En los últimos meses, un número creciente de ciudadanos, independientemente de sus ocupaciones, situación social o afiliación política, ha identificado a la corrupción como uno de los principales problemas que afectan la vida pública en nuestro país.

Más aún, podemos ver cómo este tema es recurrente en el discurso de los más altos niveles de gobierno; se ha llegado a un punto en el que hay coincidencia entre la percepción de vulnerabilidad que tiene la sociedad y el imperativo de actuar que tienen las instancias gubernamentales.

Creo que no se ha insistido lo suficiente respecto a uno de los daños más graves de la corrupción: el efecto que tiene de desvirtuar la naturaleza de los asuntos de interés común, y que deviene por consecuencia en una crisis de legitimidad. Resulta difícil respetar algo en lo que no se cree.

Dado este diagnóstico, el establecimiento del Sistema Nacional Anticorrupción es una buena noticia, ya que la respuesta del Estado mexicano al fenómeno de la corrupción se materializa como una política pública con visión sistémica.

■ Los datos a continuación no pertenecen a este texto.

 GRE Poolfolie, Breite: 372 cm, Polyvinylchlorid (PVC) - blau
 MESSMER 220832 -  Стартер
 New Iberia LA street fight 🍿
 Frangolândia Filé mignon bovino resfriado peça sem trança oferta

En efecto, la reforma aprobada por el Poder Legislativo abre las condiciones necesarias, que deberán cristalizarse en las leyes secundarias respectivas, para que la fiscalización, el acceso a la información, la evaluación presupuestal y de programas, los sistemas de archivos y la contabilidad gubernamental, interactúen de manera eficiente y efectiva.

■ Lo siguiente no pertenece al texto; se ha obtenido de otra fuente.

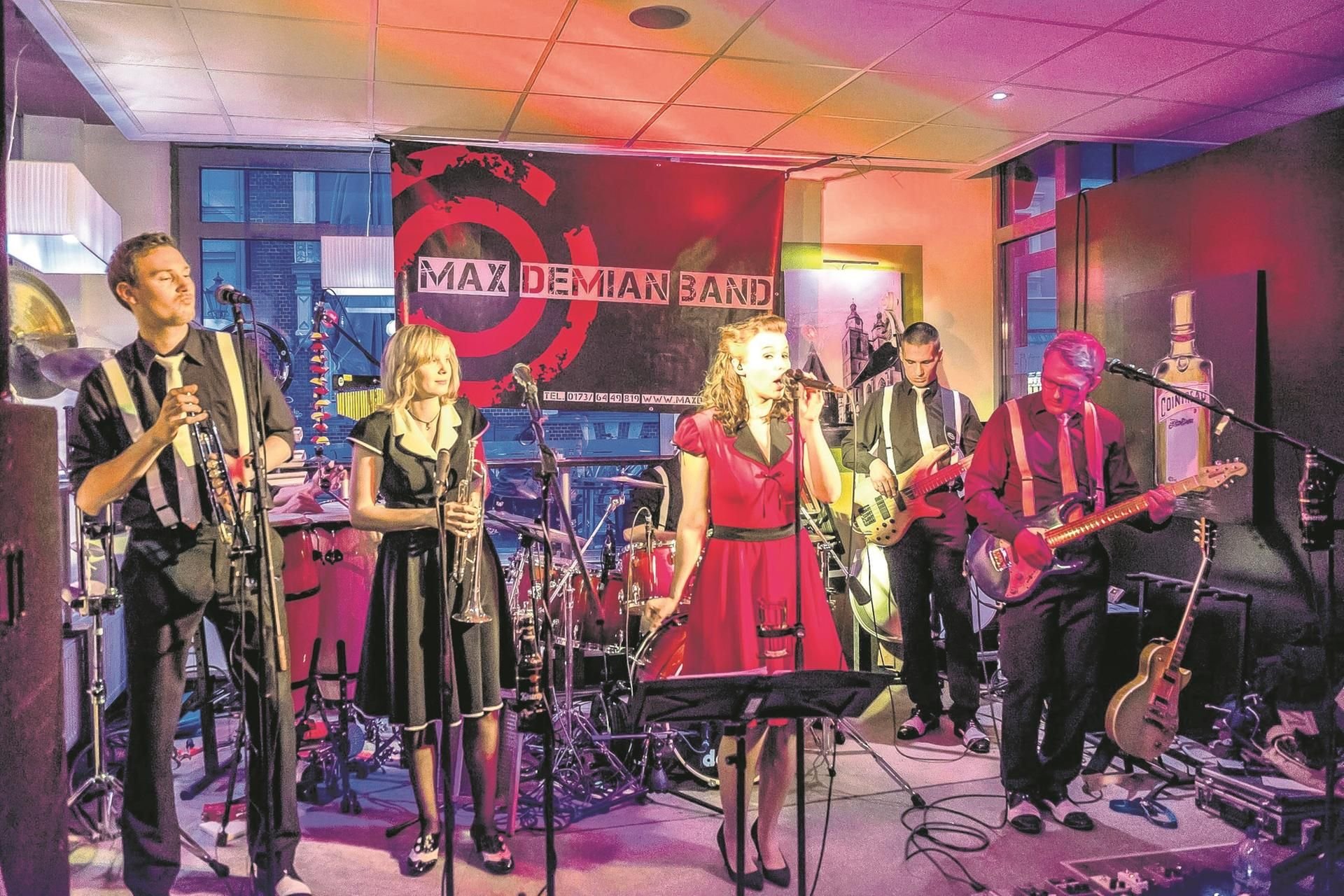 Max Demian Band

Si bien esta iniciativa, y el nivel de consenso con la que fue adoptada, permiten mejores augurios respecto a la interacción y coordinación interinstitucional, es pertinente señalar que, a pesar de los avances que se tendrían con la aprobación de esta iniciativa, hay que evitar la generación de falsas expectativas que hagan pensar a la ciudadanía que el problema quedará resuelto en el corto plazo.

Es por ello que se requiere subrayar que los resultados del Sistema se podrán constatar en el mediano y largo plazos; inclusive, la emisión de las leyes secundarias y el inicio de su implementación tomarán, al menos, un par de años. Como funcionarios, pero también en tanto ciudadanos, debemos abstenernos de pensar que problemas estructurales se pueden solucionar con acciones efectistas o inmediatas.

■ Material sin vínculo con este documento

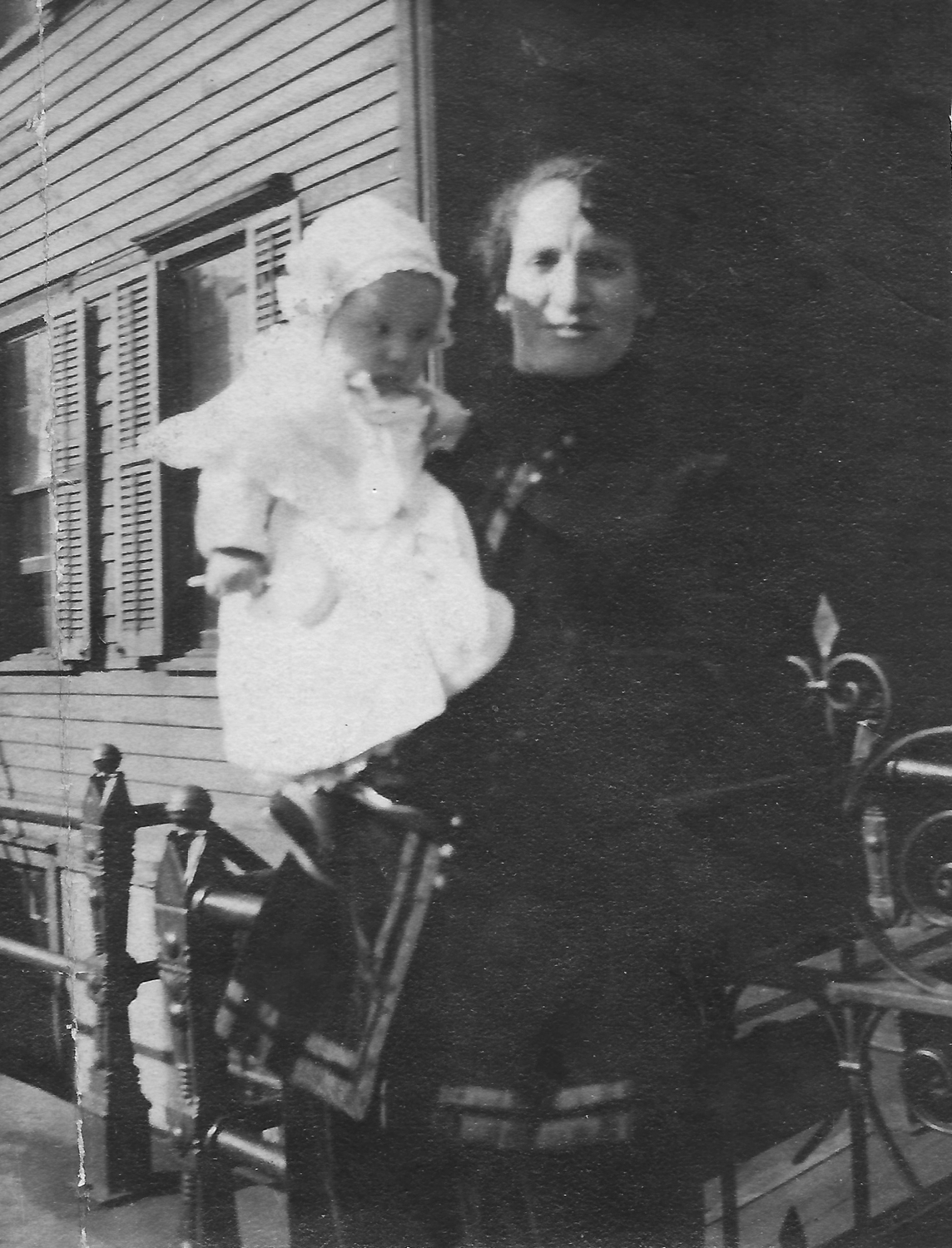 Mom and Herb, 1918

Con el fin de asegurar que los siguientes pasos no se alejan del propósito original de la reforma constitucional, es recomendable que se abran espacios de participación en los que las organizaciones de la sociedad civil, la academia, las agrupaciones empresariales, así como las entidades y dependencias públicas involucradas sigan aportando su visión y perspectivas, respecto a un asunto que nos atañe a todos.

Al margen de estas consideraciones, debemos reconocer que el SNA es un signo de un nivel de conciencia distinto. Esto significa que, a la par de los cambios legales necesarios, hagamos un espacio para reflexionar respecto a la relevancia que tienen los principios y valores éticos en la convivencia. La honestidad, el predicar con el ejemplo o el compromiso social, son conceptos desgastados, pero que pueden recobrar su verdadero significado. ¿Por qué no tener la voluntad de empezar con ello hoy mismo?